╭─ Records for the task

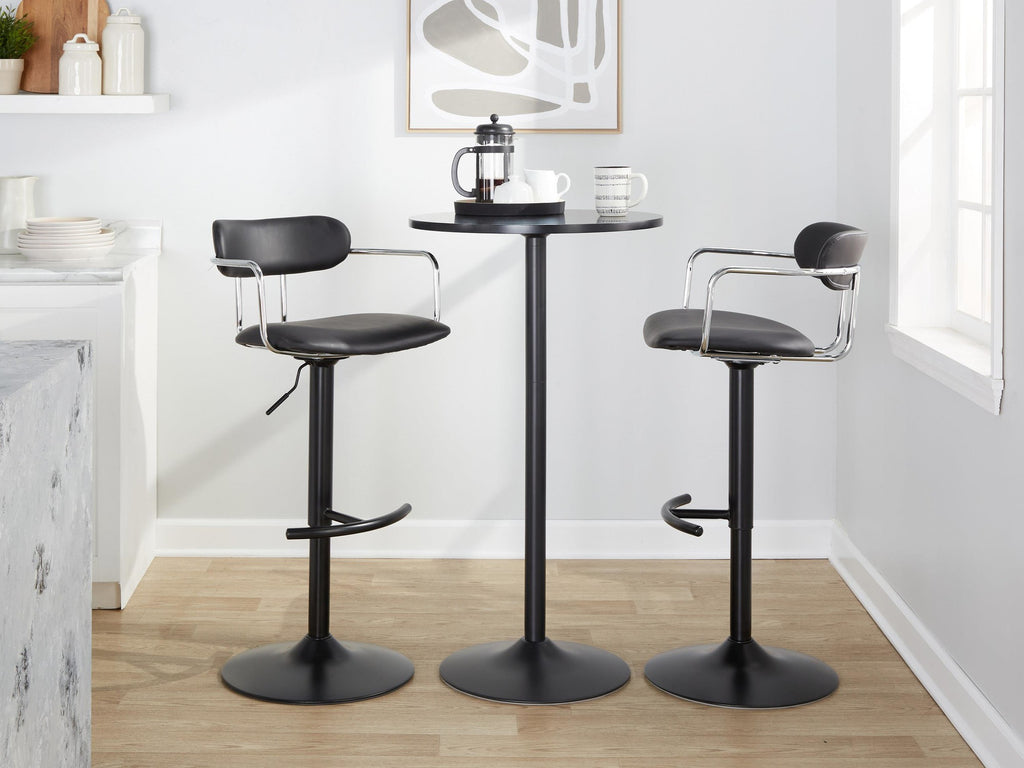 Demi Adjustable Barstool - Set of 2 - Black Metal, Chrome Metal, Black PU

╰─
╭─ Records for the task

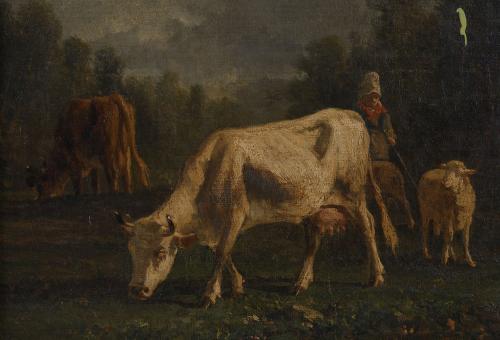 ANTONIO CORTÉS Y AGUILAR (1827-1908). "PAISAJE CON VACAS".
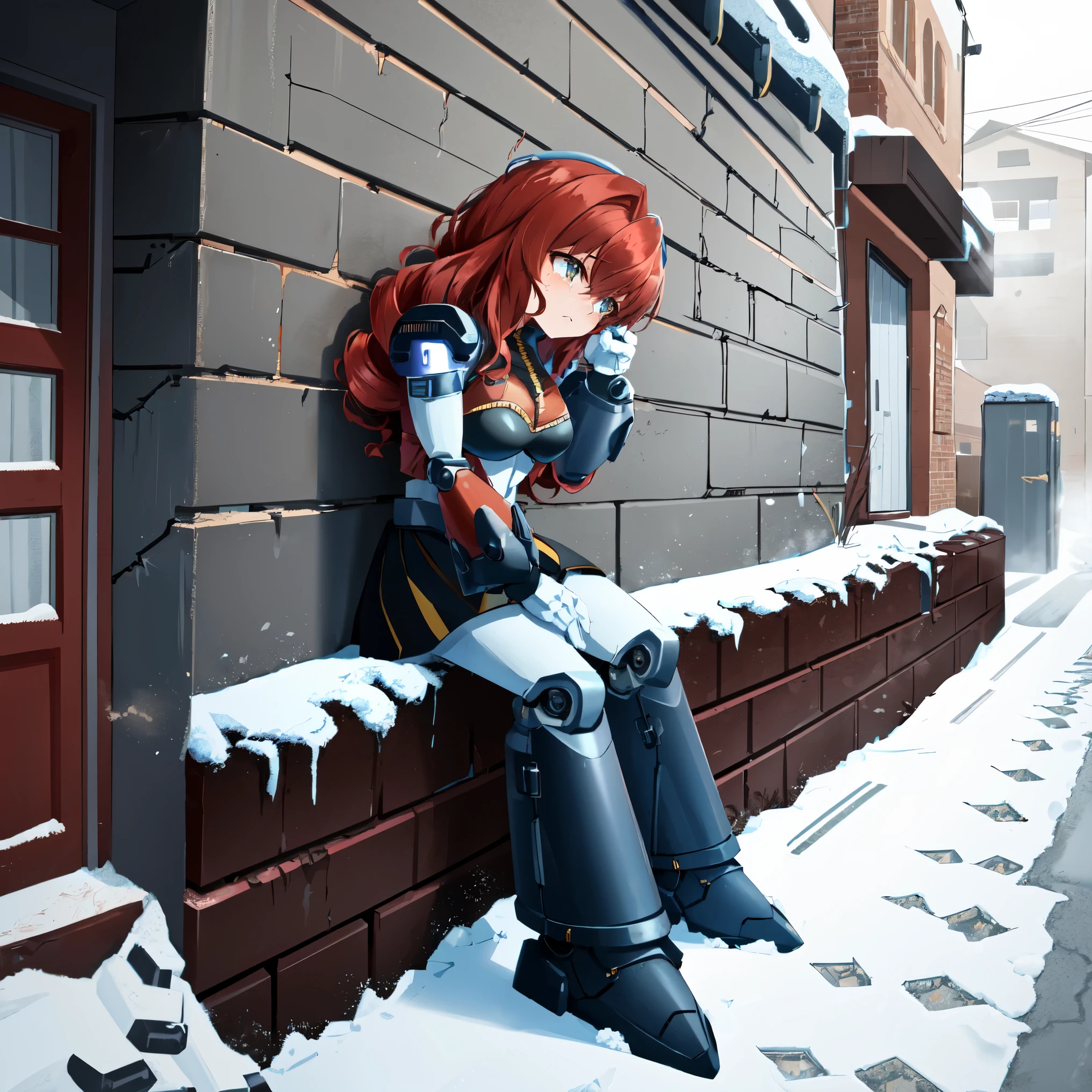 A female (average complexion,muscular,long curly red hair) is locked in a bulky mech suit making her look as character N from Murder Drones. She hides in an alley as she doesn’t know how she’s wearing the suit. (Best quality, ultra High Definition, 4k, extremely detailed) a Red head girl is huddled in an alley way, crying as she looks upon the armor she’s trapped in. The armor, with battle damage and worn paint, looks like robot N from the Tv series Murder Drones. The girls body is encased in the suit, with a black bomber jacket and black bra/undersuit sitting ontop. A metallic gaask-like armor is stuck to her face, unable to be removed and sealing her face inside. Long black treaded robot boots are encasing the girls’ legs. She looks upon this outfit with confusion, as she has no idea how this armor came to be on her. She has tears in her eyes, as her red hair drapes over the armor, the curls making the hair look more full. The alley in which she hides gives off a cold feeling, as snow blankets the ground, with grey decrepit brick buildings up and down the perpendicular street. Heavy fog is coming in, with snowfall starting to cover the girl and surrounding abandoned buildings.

╰─
╭─ Records for the task

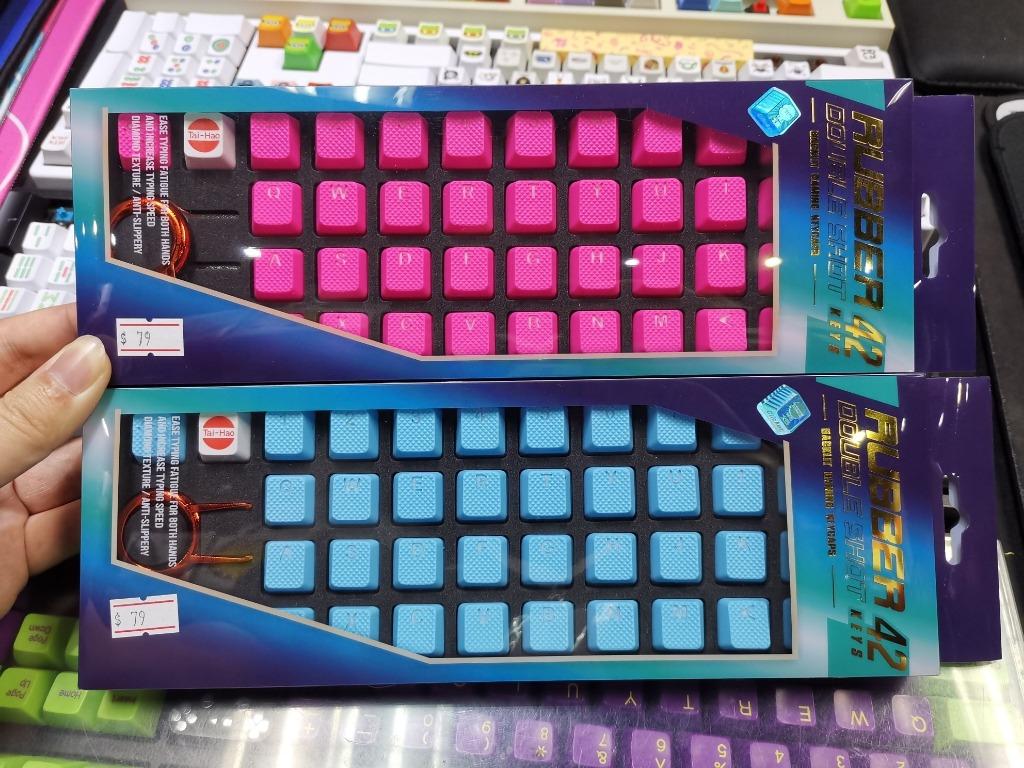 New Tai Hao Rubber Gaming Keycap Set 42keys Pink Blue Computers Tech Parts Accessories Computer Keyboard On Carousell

╰─

**What you need to do**:
When you reach the line that has "ANTONIO CORTÉS Y" in the data above, start repeating lines exactly, and stop after the line that has "A female (average"; pictures stay out.

**Expected answer**:
 ANTONIO CORTÉS Y AGUILAR (1827-1908). "PAISAJE CON VACAS".
 A female (average complexion,muscular,long curly red hair) is locked in a bulky mech suit making her look as character N from Murder Drones. She hides in an alley as she doesn’t know how she’s wearing the suit. (Best quality, ultra High Definition, 4k, extremely detailed) a Red head girl is huddled in an alley way, crying as she looks upon the armor she’s trapped in. The armor, with battle damage and worn paint, looks like robot N from the Tv series Murder Drones. The girls body is encased in the suit, with a black bomber jacket and black bra/undersuit sitting ontop. A metallic gaask-like armor is stuck to her face, unable to be removed and sealing her face inside. Long black treaded robot boots are encasing the girls’ legs. She looks upon this outfit with confusion, as she has no idea how this armor came to be on her. She has tears in her eyes, as her red hair drapes over the armor, the curls making the hair look more full. The alley in which she hides gives off a cold feeling, as snow blankets the ground, with grey decrepit brick buildings up and down the perpendicular street. Heavy fog is coming in, with snowfall starting to cover the girl and surrounding abandoned buildings.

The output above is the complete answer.